Volunteers don't have a quota to fill, but it is recommended they do a page a day if possible. It doesn't seem much, but with hundreds of volunteers it really adds up. In December 2007, five books were produced per day by thousands of volunteers.
From the website one can access a program that allows several proofreaders to be working on the same book at the same time, each proofreading different pages. This significantly speeds up the proofreading process. Volunteers register and receive detailed instructions. For example, words in bold, italic or underlined, or footnotes are always treated the same way for any book. A discussion forum allows them to ask questions or seek help at any time. A project manager oversees the progress of a particular book through its different steps on the website.
The website gives a full list of the books that are: (a) completed, i.e. processed through the site and posted to Project Gutenberg; (b) in progress, i.e. processed through the site but not yet posted, because currently going through their final proofreading and assembly; (c) being proofread, i.e. currently being processed. On August 3, 2005, 7,639 books were completed, 1,250 books were in progress and 831 books were being proofread. On May 1st, 2008, 13,039 books were completed, 1,840 books were in progress and 1,000 books were being proofread.

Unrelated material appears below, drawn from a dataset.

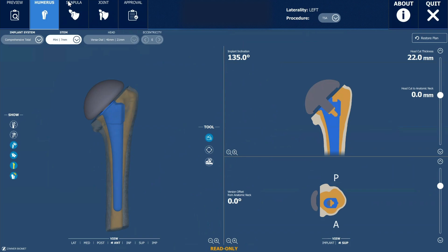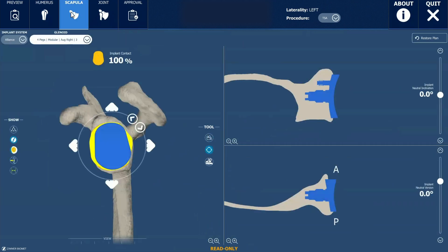We have this similar ability on the scapular side, which is the socket of the shoulder. That tells us how we need to position the implant, but also we can make some modifications and use certain augments and things that may help the socket fit the patient's anatomy a little bit better or sit in a more accurate position.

Each time a volunteer (proofreader) goes to the website, s/he chooses a book, any book. Then one page of the book appears in two forms side by side: the scanned image of one page and the text from that image (as produced by OCR software). The proofreader can easily compare both versions, note the differences and fix them. OCR is usually 99% accurate, which makes for about 10 corrections a page. The proofreader saves each page as it is completed and can then either stop work or do another. The books are proofread twice, and the second time only by experienced proofreaders. All the pages of the book are then formatted, combined and assembled by post-processors to make an eBook. The eBook is now ready to be posted with an index entry (title, subtitle, author, eBook number and character set) for the database. Indexers go on with the cataloging process (author's dates of birth and death, Library of Congress classification, etc.) after the release.

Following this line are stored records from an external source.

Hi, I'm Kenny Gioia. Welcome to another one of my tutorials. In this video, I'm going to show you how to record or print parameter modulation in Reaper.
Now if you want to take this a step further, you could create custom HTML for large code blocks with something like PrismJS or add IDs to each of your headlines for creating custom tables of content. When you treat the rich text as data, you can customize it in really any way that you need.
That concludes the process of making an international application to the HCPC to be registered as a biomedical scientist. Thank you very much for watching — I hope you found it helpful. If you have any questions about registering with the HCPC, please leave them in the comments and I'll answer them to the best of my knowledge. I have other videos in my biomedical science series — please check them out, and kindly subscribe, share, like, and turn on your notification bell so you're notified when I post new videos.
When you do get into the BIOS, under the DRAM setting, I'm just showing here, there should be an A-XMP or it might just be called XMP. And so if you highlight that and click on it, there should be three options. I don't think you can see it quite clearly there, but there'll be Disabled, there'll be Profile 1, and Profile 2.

Volunteers can also work independently, after contacting Project Gutenberg directly, by keying in a book they particularly like using any text editor or word processor. They can also scan it and convert it into text using OCR software, and then make corrections by comparing it with the original. In each case, someone else will proofread it. They can use ASCII and any other format. Everybody is welcome, whatever the method and whatever the format.

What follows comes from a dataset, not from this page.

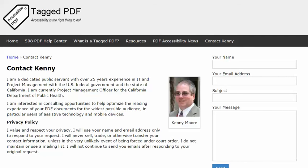This is Kenny Moore of taggedpdf.com. Thank you for viewing this video. Hope you found it helpful. Please feel free to contact me using the Contact Kenny page at taggedpdf.com. Accessibility is the right thing to do.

New volunteers are most welcome too at Distributed Proofreaders (DP), Distributed Proofreaders Europe (DP Europe) and Distributed Proofreaders Canada (DPC). Any volunteer anywhere is welcome, for any language. There is a lot to do. As stated on both websites, "Remember that there is no commitment expected on this site. Proofread as often or as seldom as you like, and as many or as few pages as you like. We encourage people to do 'a page a day', but it's entirely up to you! We hope you will join us in our mission of 'preserving the literary history of the world in a freely available form for everyone to use'."